**Instructions to follow**
Nothing but the text should be carried over: reproduce all the data exactly and leave out every image.

Top of Supplied data

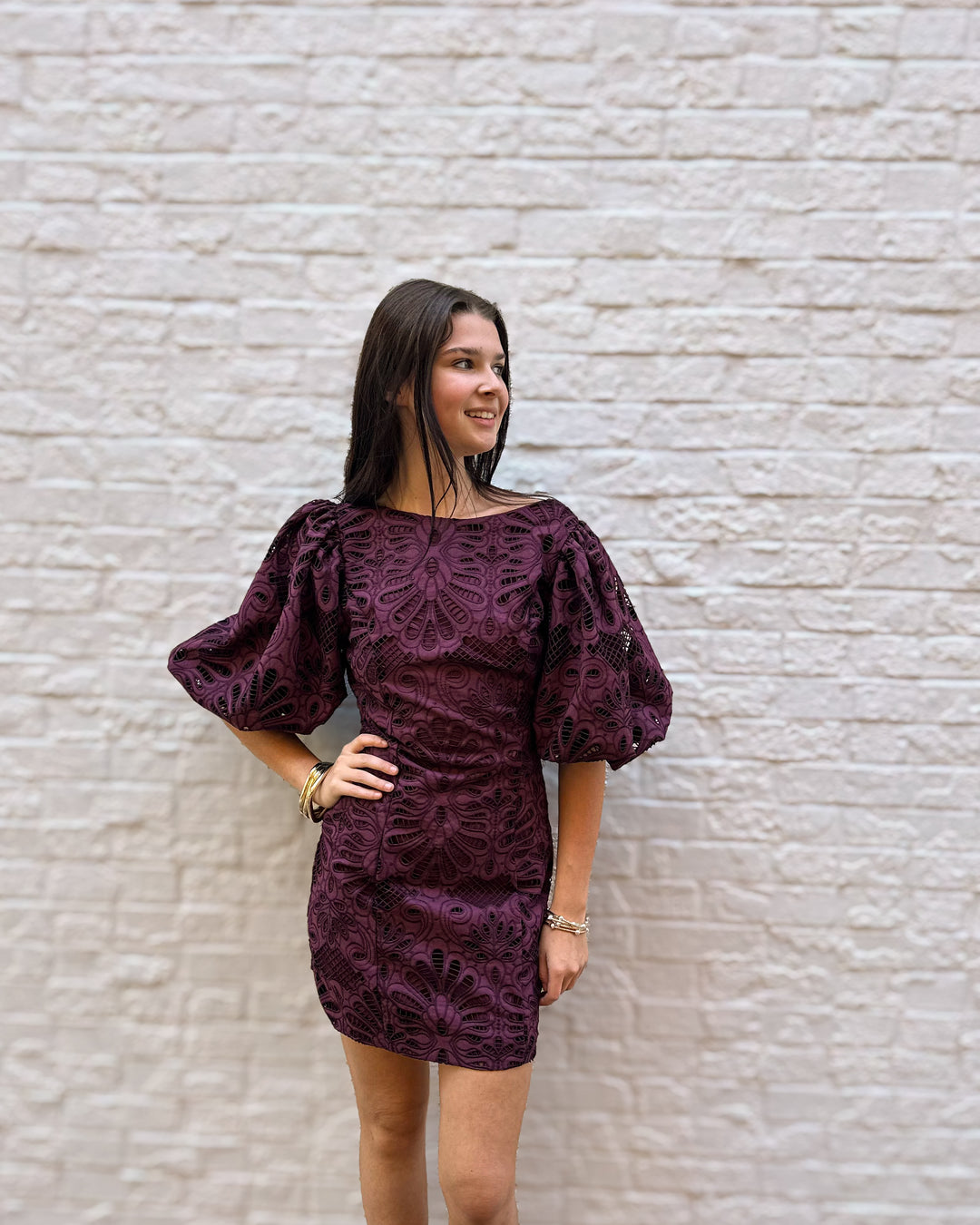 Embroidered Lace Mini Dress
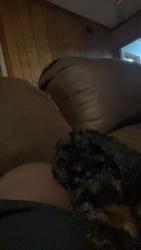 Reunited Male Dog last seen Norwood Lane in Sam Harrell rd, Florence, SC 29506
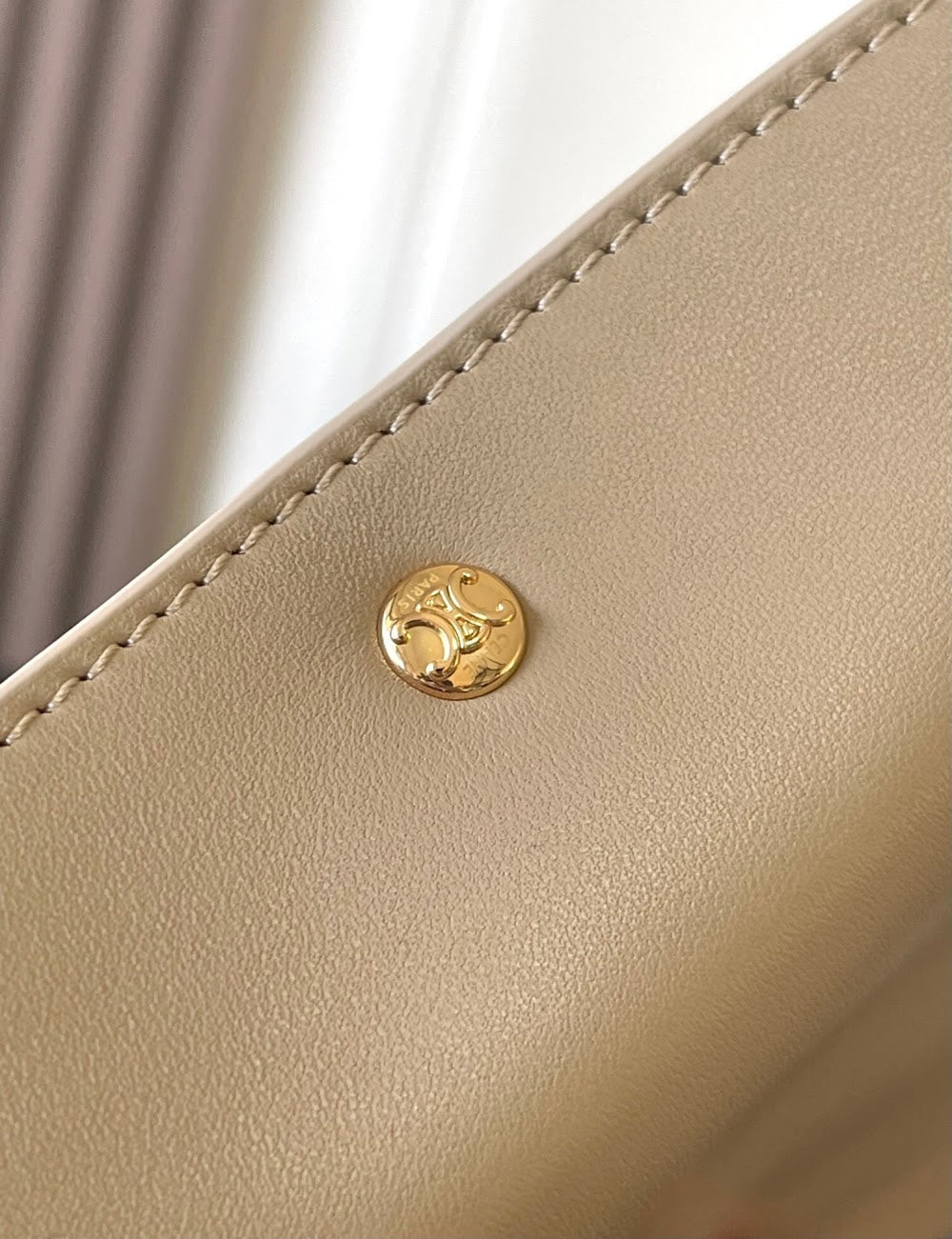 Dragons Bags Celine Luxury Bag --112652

Bottom of Supplied data

**Task output**
 Embroidered Lace Mini Dress
 Reunited Male Dog last seen Norwood Lane in Sam Harrell rd, Florence, SC 29506
 Dragons Bags Celine Luxury Bag --112652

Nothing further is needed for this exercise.